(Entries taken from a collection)
■ ■ ■ ■ ■
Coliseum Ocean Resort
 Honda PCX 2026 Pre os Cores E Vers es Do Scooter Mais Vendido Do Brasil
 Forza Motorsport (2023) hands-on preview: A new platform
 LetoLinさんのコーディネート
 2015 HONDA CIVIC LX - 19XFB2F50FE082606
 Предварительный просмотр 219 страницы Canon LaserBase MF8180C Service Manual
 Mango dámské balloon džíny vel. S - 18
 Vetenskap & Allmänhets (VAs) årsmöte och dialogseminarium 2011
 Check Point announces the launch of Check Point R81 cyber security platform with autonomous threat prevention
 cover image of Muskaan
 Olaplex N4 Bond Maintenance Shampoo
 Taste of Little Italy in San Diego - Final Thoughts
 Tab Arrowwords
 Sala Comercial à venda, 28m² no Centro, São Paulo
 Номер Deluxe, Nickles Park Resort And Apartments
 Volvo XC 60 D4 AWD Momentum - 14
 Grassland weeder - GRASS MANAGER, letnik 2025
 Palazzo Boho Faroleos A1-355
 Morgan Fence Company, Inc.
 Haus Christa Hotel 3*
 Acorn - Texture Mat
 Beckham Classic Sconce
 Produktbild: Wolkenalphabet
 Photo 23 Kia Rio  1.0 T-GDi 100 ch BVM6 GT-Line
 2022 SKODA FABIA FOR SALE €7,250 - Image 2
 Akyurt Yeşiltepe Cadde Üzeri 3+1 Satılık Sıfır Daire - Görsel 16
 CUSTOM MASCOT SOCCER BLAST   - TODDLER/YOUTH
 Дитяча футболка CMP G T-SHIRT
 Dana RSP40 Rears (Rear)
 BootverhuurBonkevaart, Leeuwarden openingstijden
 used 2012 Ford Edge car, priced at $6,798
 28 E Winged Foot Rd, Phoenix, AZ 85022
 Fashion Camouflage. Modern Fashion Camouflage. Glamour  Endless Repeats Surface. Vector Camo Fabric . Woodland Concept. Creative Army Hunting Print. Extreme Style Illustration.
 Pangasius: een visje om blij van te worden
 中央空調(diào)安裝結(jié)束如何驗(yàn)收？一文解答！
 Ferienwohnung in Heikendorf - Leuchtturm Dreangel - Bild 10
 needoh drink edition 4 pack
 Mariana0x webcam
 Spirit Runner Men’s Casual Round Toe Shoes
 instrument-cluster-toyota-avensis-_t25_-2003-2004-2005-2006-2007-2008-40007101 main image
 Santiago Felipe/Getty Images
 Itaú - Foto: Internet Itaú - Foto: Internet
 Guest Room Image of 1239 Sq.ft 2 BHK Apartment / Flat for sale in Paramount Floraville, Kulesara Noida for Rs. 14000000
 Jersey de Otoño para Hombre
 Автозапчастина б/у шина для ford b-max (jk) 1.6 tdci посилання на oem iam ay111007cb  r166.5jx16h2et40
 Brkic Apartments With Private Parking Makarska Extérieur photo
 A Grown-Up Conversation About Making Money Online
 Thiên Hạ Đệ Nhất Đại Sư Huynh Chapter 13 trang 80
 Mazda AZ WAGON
■ ■ ■ ■ ■
● **Problem to solve**:
The answer must be an exact transcription of every record above.

● **Exercise result**:
Coliseum Ocean Resort
 Honda PCX 2026 Pre os Cores E Vers es Do Scooter Mais Vendido Do Brasil
 Forza Motorsport (2023) hands-on preview: A new platform
 LetoLinさんのコーディネート
 2015 HONDA CIVIC LX - 19XFB2F50FE082606
 Предварительный просмотр 219 страницы Canon LaserBase MF8180C Service Manual
 Mango dámské balloon džíny vel. S - 18
 Vetenskap & Allmänhets (VAs) årsmöte och dialogseminarium 2011
 Check Point announces the launch of Check Point R81 cyber security platform with autonomous threat prevention
 cover image of Muskaan
 Olaplex N4 Bond Maintenance Shampoo
 Taste of Little Italy in San Diego - Final Thoughts
 Tab Arrowwords
 Sala Comercial à venda, 28m² no Centro, São Paulo
 Номер Deluxe, Nickles Park Resort And Apartments
 Volvo XC 60 D4 AWD Momentum - 14
 Grassland weeder - GRASS MANAGER, letnik 2025
 Palazzo Boho Faroleos A1-355
 Morgan Fence Company, Inc.
 Haus Christa Hotel 3*
 Acorn - Texture Mat
 Beckham Classic Sconce
 Produktbild: Wolkenalphabet
 Photo 23 Kia Rio  1.0 T-GDi 100 ch BVM6 GT-Line
 2022 SKODA FABIA FOR SALE €7,250 - Image 2
 Akyurt Yeşiltepe Cadde Üzeri 3+1 Satılık Sıfır Daire - Görsel 16
 CUSTOM MASCOT SOCCER BLAST   - TODDLER/YOUTH
 Дитяча футболка CMP G T-SHIRT
 Dana RSP40 Rears (Rear)
 BootverhuurBonkevaart, Leeuwarden openingstijden
 used 2012 Ford Edge car, priced at $6,798
 28 E Winged Foot Rd, Phoenix, AZ 85022
 Fashion Camouflage. Modern Fashion Camouflage. Glamour  Endless Repeats Surface. Vector Camo Fabric . Woodland Concept. Creative Army Hunting Print. Extreme Style Illustration.
 Pangasius: een visje om blij van te worden
 中央空調(diào)安裝結(jié)束如何驗(yàn)收？一文解答！
 Ferienwohnung in Heikendorf - Leuchtturm Dreangel - Bild 10
 needoh drink edition 4 pack
 Mariana0x webcam
 Spirit Runner Men’s Casual Round Toe Shoes
 instrument-cluster-toyota-avensis-_t25_-2003-2004-2005-2006-2007-2008-40007101 main image
 Santiago Felipe/Getty Images
 Itaú - Foto: Internet Itaú - Foto: Internet
 Guest Room Image of 1239 Sq.ft 2 BHK Apartment / Flat for sale in Paramount Floraville, Kulesara Noida for Rs. 14000000
 Jersey de Otoño para Hombre
 Автозапчастина б/у шина для ford b-max (jk) 1.6 tdci посилання на oem iam ay111007cb  r166.5jx16h2et40
 Brkic Apartments With Private Parking Makarska Extérieur photo
 A Grown-Up Conversation About Making Money Online
 Thiên Hạ Đệ Nhất Đại Sư Huynh Chapter 13 trang 80
 Mazda AZ WAGON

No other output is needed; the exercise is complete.